As soon as Mom went into the living room, I turned to Dad.
“Persian Casual?”
Dad flipped his sketchpad closed.
“Persian Casual,” he agreed.
* * *
Persian Casual covers a wide gamut, from slightly more-formal-than-business-casual to just-shy-of-black-tie-or-full-military-dress. Button-up shirt and dress pants are the bare minimum; maybe a suit jacket, depending on the crowd. Back home, it meant a tie too, but no one wore ties in Iran. It was considered a “Western” fashion.
Dad ran out of room in his luggage for any of his suit jackets, and I didn’t fit in mine anymore, so that left us at a disadvantage as far as looking more impressive than everyone else.
That was the whole point and purpose of Persian Casual, as far as I could tell: to make sure you and your family looked more impressive than everyone else, usually by tricking people into thinking the occasion was more casual than it really was.
Dad had lots of practice with Persian Casual.

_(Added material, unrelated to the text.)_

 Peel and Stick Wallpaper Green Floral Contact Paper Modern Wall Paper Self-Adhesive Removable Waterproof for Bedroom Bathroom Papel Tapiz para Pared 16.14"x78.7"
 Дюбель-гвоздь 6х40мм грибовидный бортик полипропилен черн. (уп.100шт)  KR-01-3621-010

He knew how to anticipate it. He made sure we were dressed up, though sometimes it backfired. The only thing worse than being perpetually underdressed was being garishly overdressed. Then everyone would whisper behind our backs (in Farsi, of course) about how ostentatious we were.
Mom insists the entire concept of Persian Casual is all in our heads.
She always says we look fine, even if we’re in shorts and T-shirts while everyone else is in button-ups and jackets.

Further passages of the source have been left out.